Melville Cooke
I FIRST HEARD of Christine Hewitt about seven years ago on Mutabaruka's IRIE FM Cutting Edge programme. She was speaking merrily about a concert at a hotel in Ocho Rios which had run into some problems and how a 'topanaris' woman had told her she would see to it that Hewitt never worked in Jamaica again.
And Hewitt laughed with the merriment of the not only unconcerned but one who had actually enjoyed the run-in.
I last saw Christine Hewitt last week Tuesday, as she hosted the launch of a product called Real Jamaican Sorrel at the Hilton hotel, New Kingston.

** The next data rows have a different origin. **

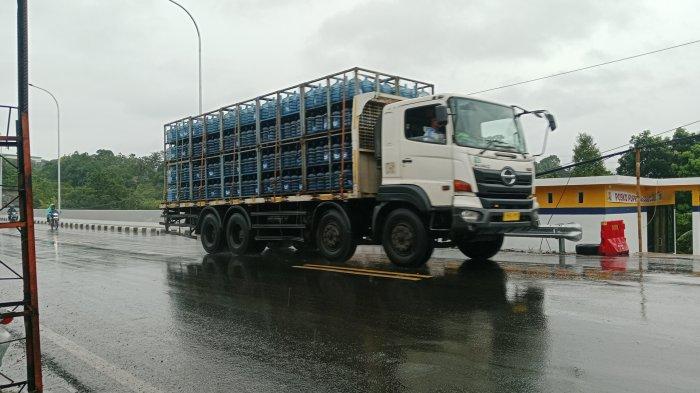 Jalan di Simpang Pasar Cikereteg Rusak Sampai Makan Korban, Warga Ngeluh Banyak Truk Aqua Melintas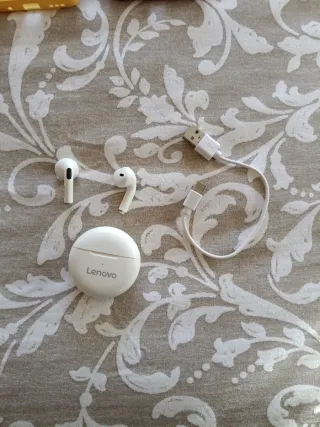 Teléfono Xiaomi Redmi Note 10 5 G.Con 3 carcasas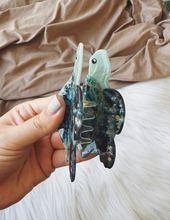 Carregar imagem no visualizador da galeria, TURTLE HAIR CLIP
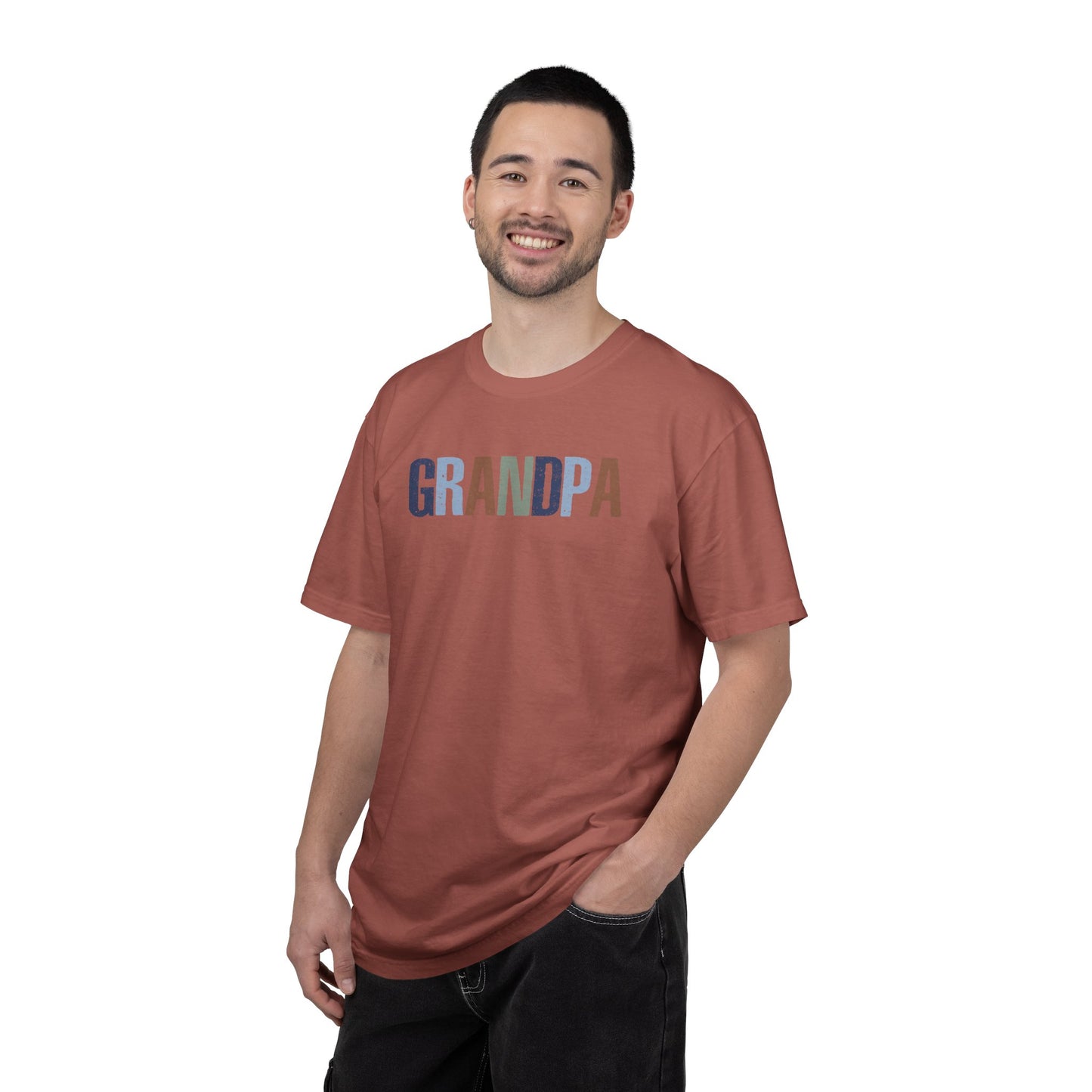 Grandpa Vintage Lettering T-Shirt — Comfortable Dad/Grandparent Gift for Father's Day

She sat beside me and said you may kiss me. "Many men would like the privilege, but you may go ahead", offering me her right cheek. It would have taken a far braver man than me to decline that combination of a command and an invitation (leaning heavily towards command) and I did not wish to refuse in any case.

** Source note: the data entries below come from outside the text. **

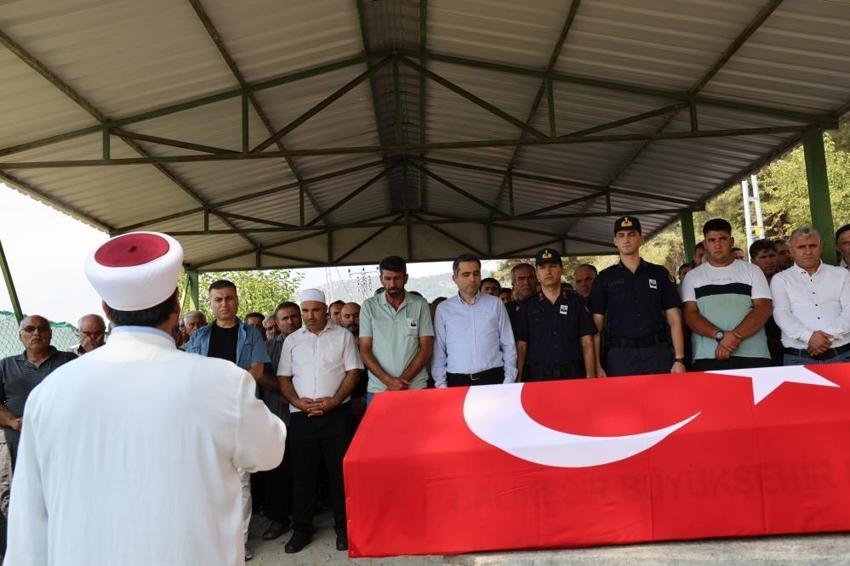 Adana'da yıllık izin için geldiği memleketinde hayatını kaybeden uzman çavuş toprağa verildi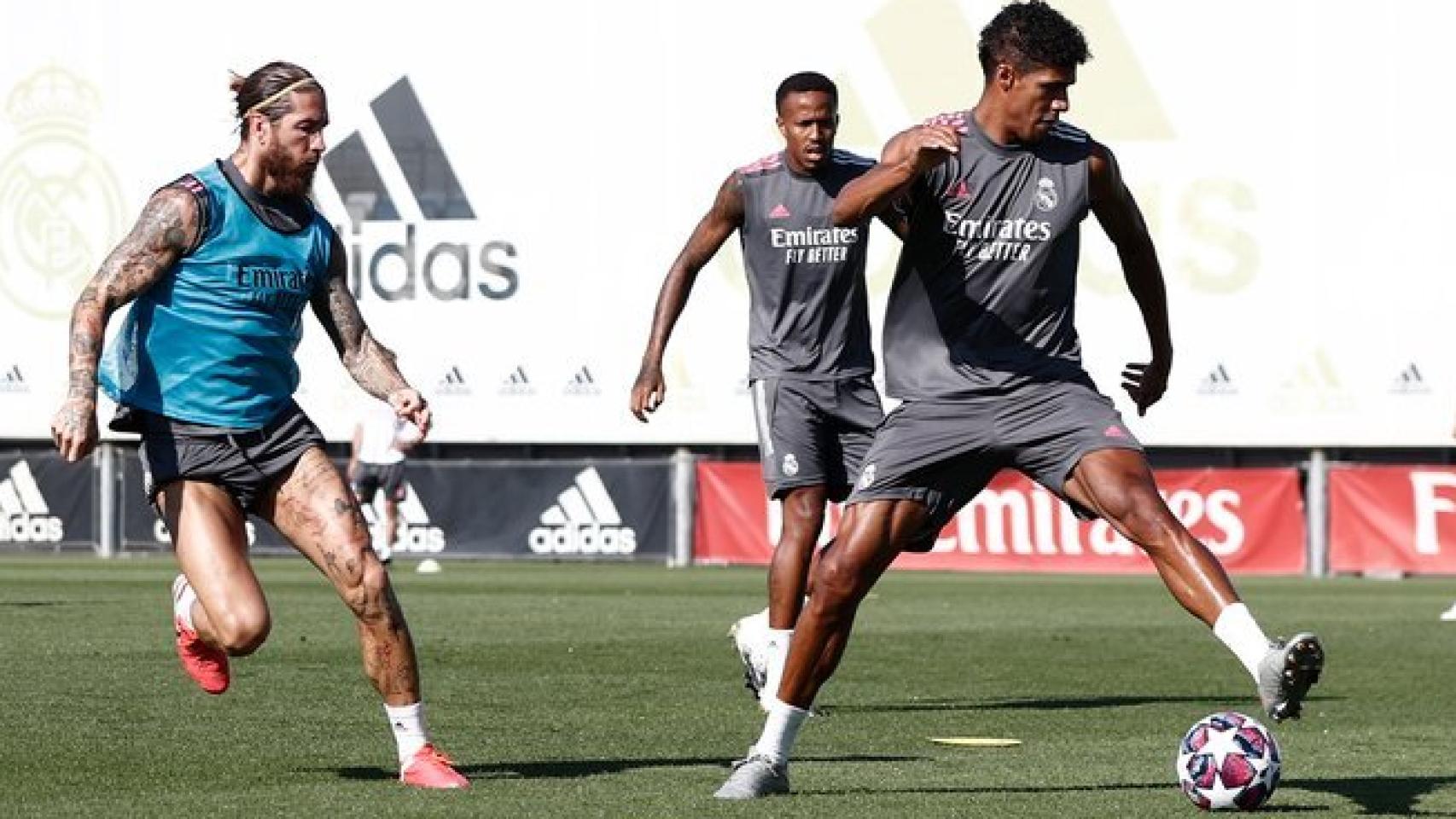 Sergio Ramos y Varane entrenan con el Real Madrid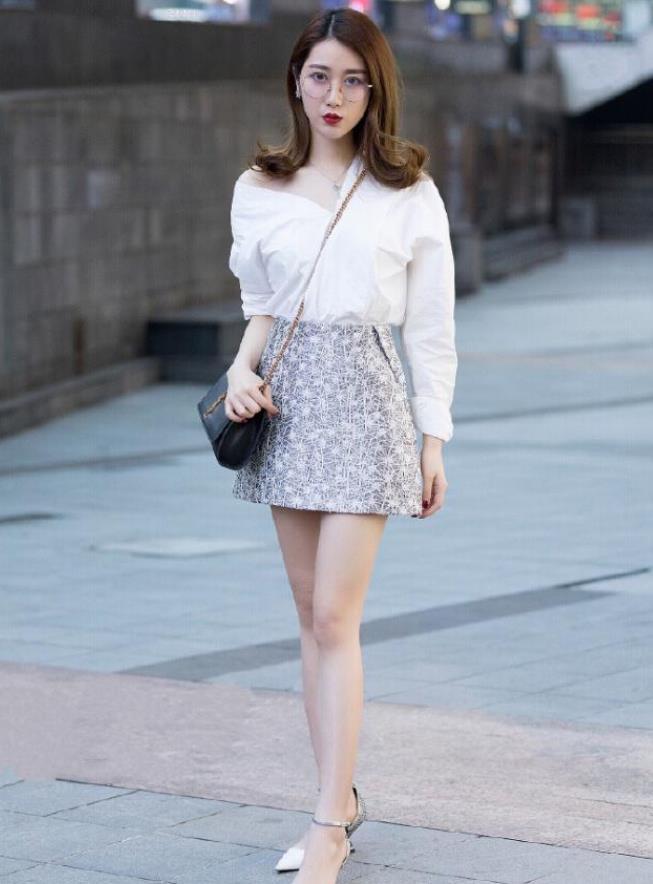 长发|身材微胖的长发美女,身穿吊带连衣裙,尽显完美的好身姿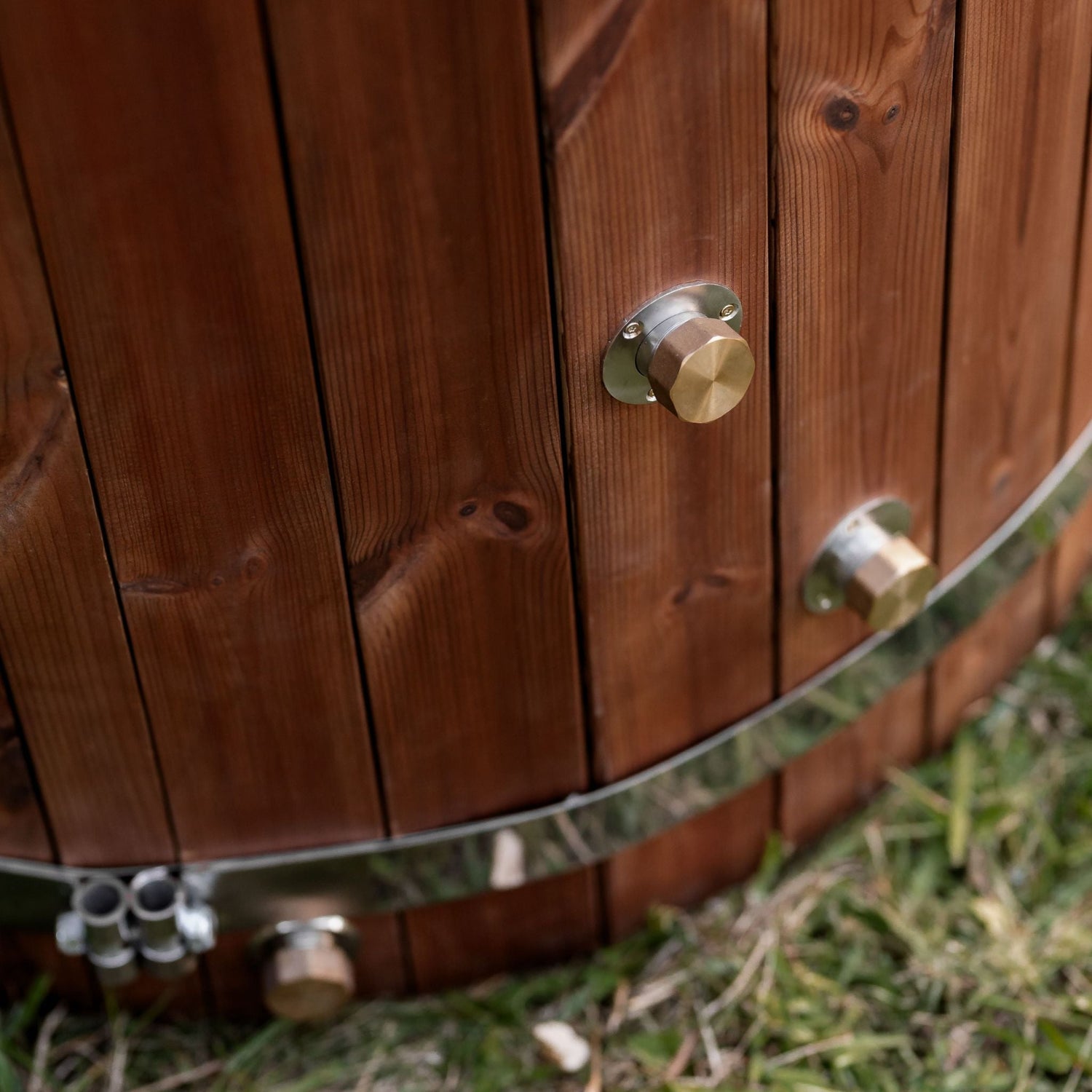 Kaltwassertauchbecken für eine Person aus Glasfaser – Fichtenholzverkleidung - PALAZZINA WELLNESS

She engaged in brief conversation with someone seated to my right, during which she said that she has made three resolutions in her life - to be beautiful, to be comfortable and to be fearless.

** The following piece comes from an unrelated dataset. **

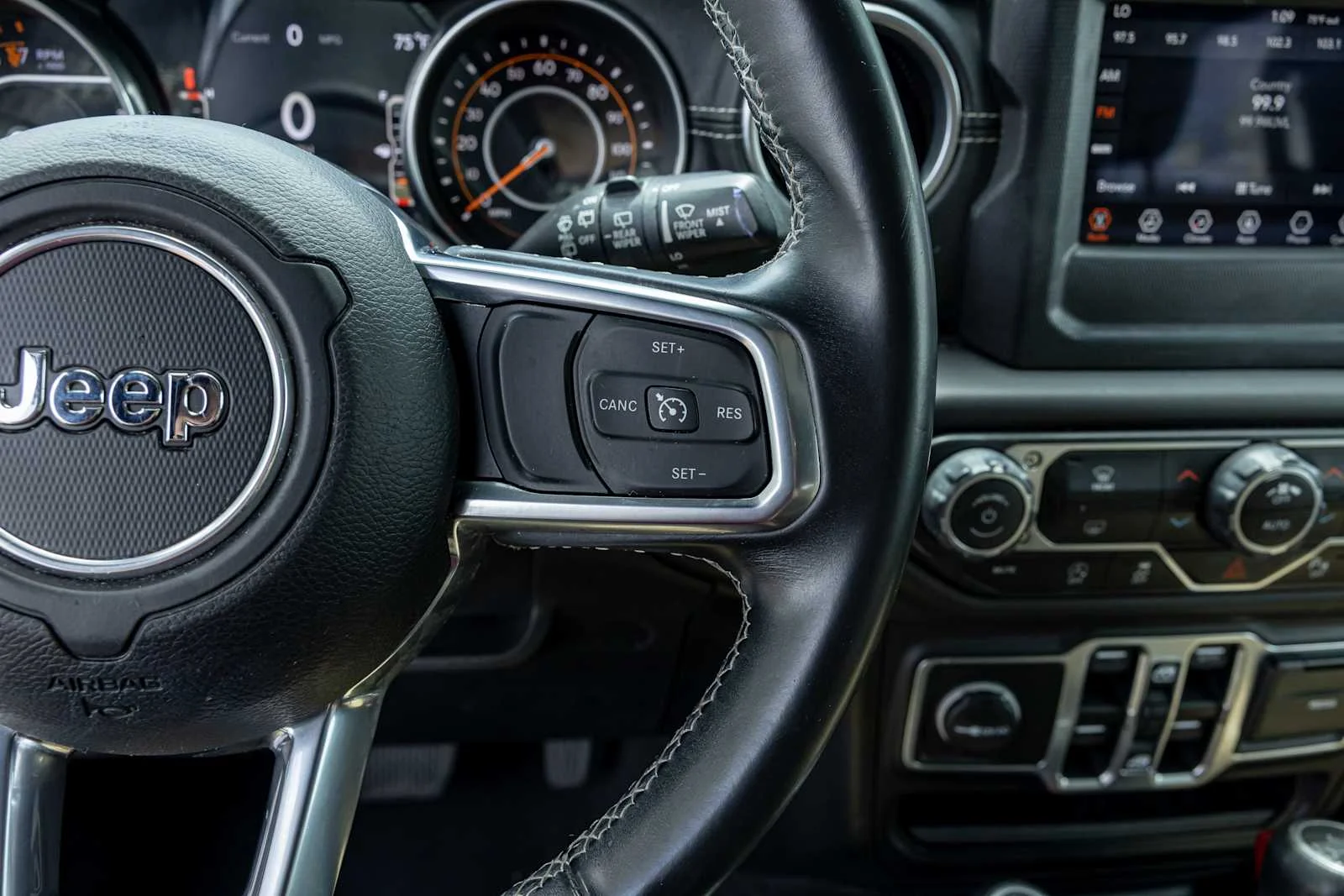 Used 2018 Bright White Clearcoat Jeep Sahara image 15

And she went on to host the programme in exuberant fashion, at one point flashing a smile at the audience when the band took a little longer than she expected to set up and she had made enquiries with a guitarist.
"Bassie know sey me cyaan vex wid him, because him young and handsome an' yu know how me stay ...," she said, to laughter.
MEMORIES
Almost exactly 48 hours later, it was suspected that she was dead.
I did not know Christine Hewitt, save for the odd encounter at an entertainment event over the past 18 months or so. I would say I experienced Christine Hewitt on stage as an MC and, more recently, her forays into the world of stand-up comedy. Her comedy was mostly real life drama, her real life drama, which got an extended run on stage as she closed the 'Woman Time Now' edition of the Backyaad Crack-Up comedy show in May.
She started out in a staid outfit, saying that when women get to a certain age that is how they are expected to dress, also demonstrating the dull way they are expected to walk, then discarded the frock to stand and saunter in a tight outfit.
She spoke about being broke and living at her office at one point when she was doing Man Talk on television and there was laughter when she said "One thing though, I was never late for work". She spoke about being $22 million in debt in the late '90s and there was more applause when she said that she was almost out of the red now (forget about repaying $22 million. How the hell do you rack up that sort of debt in the first place?).
She declared that these days, her intention when she leaves home is to "mek man wet an' mek woman fret" and ended by collecting cash from the audience to fund funerals for two elderly men in Warsop, Trelawny, who had been dead for about one year combined. And now she is dead.
We do not expect persons such as Christine Hewitt, who wore her exuberance for life, her emotions, her commitments on her sleeve, to die, much less be killed.
She is the kind of person whom you expect to turn up even now, smile and say, "when dem sey mi dead, mek sure yu see di body, mek sure a me inna de coffin an' mek sure seal de grave good."
Which is why her murder has been a shock to those who knew her in the public sense. For if Christine Hewitt can go, who can't?
Melville Cooke is a freelance writer.